I discovered another quirk involving the LALR grammar -- it accepts this:

fn main() {
    struct S { f: i32 };
    let z = S { f: 0 };
    match 0 { _ => &z }.f   // <-- note the lack of semicolon
    match 0 { _ => &z }.f   // <-- note the lack of semicolon
    ()
}

A stmt can be a full_block_expr, which is a block_expr with optional named/integral field access operators suffixed (and with optional index or call operators suffixed to the field access operators). However, if there is a field access suffixed, then the full expression must have a semicolon to be a statement, but that restriction isn't implemented. The second match example is parsed as a function call, naturally.
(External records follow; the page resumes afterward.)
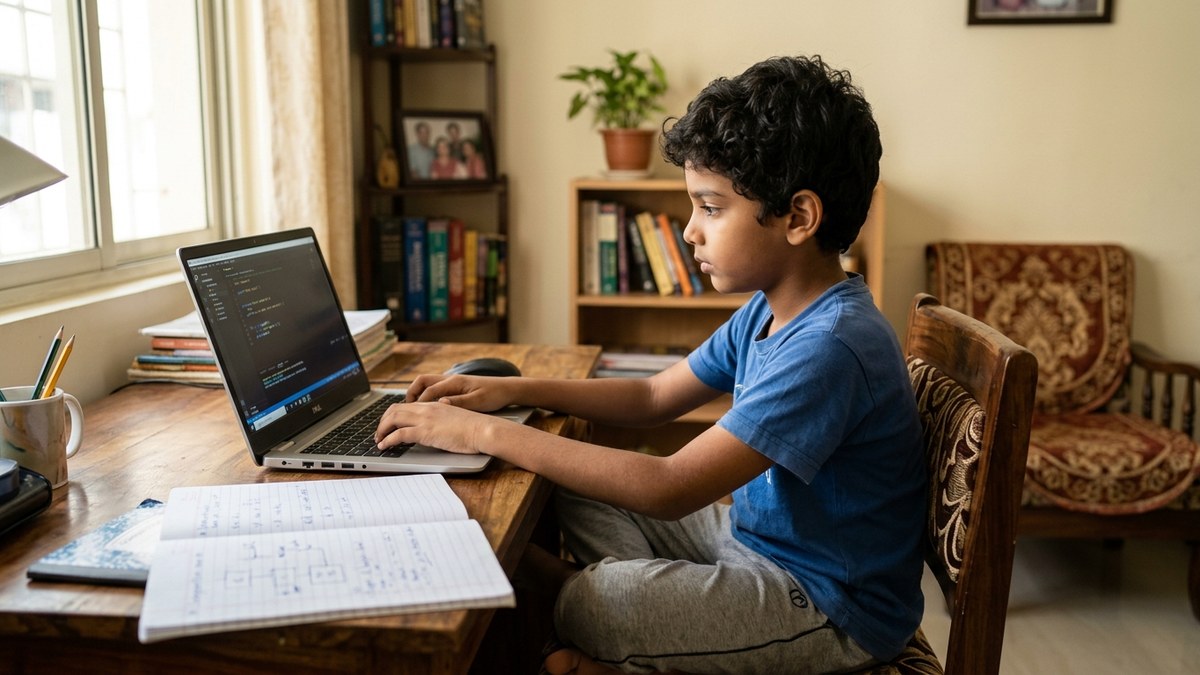 Indian child writing code on laptop screen at home learning to code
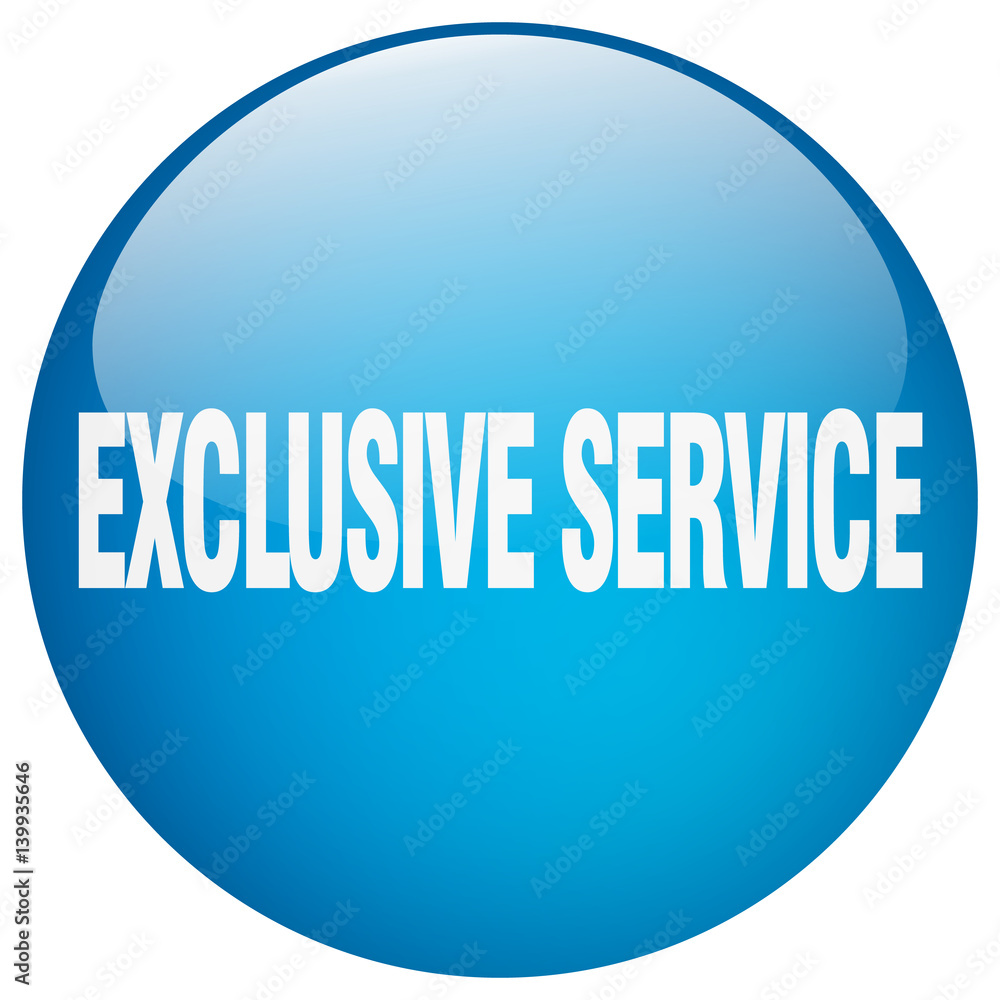 exclusive service blue round gel isolated push button exclusive service blue round gel isolated push button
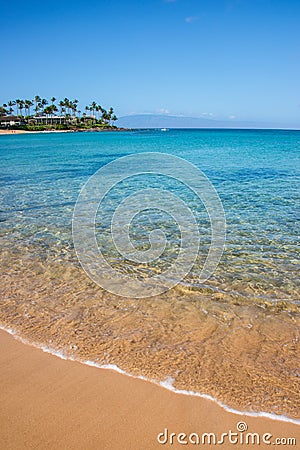 Waves on shore at Napili Bay Lahaina Maui Hawaii Stock Photo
rustc also accepts the code, but only if the semicolons are added after the two match lines. I think @nikomatsakis is saying that rustc should not accept them, due to the rule about blocks starting binops.

This quirk only applies to non-basic block expressions. parser-lalr does not parse the code if the lines are replaced with { &z }.f.

[rprichard]

A stmt can be a full_block_expr, which is a block_expr with optional named/integral field access operators suffixed (and with optional index or call operators suffixed to the field access operators).

This statement is not completely true, which reveals another LALR bug. It should accept this:

fn main() {
    { ([0],) }.0[0];
    { ((|| {}),) }.0();
}

parser-lalr doesn't because full_block_expr only handles the index/call suffixes after a named field, not after a tuple index field.

Edit: I'm slightly off still. parser-lalr rejects this because it doesn't allow a field of a plain block. If I instead use match expressions, then parser-lalr accepts the code, but it parses it differently than rustc. i.e. It parses [0] and () statements instead of index and call expressions.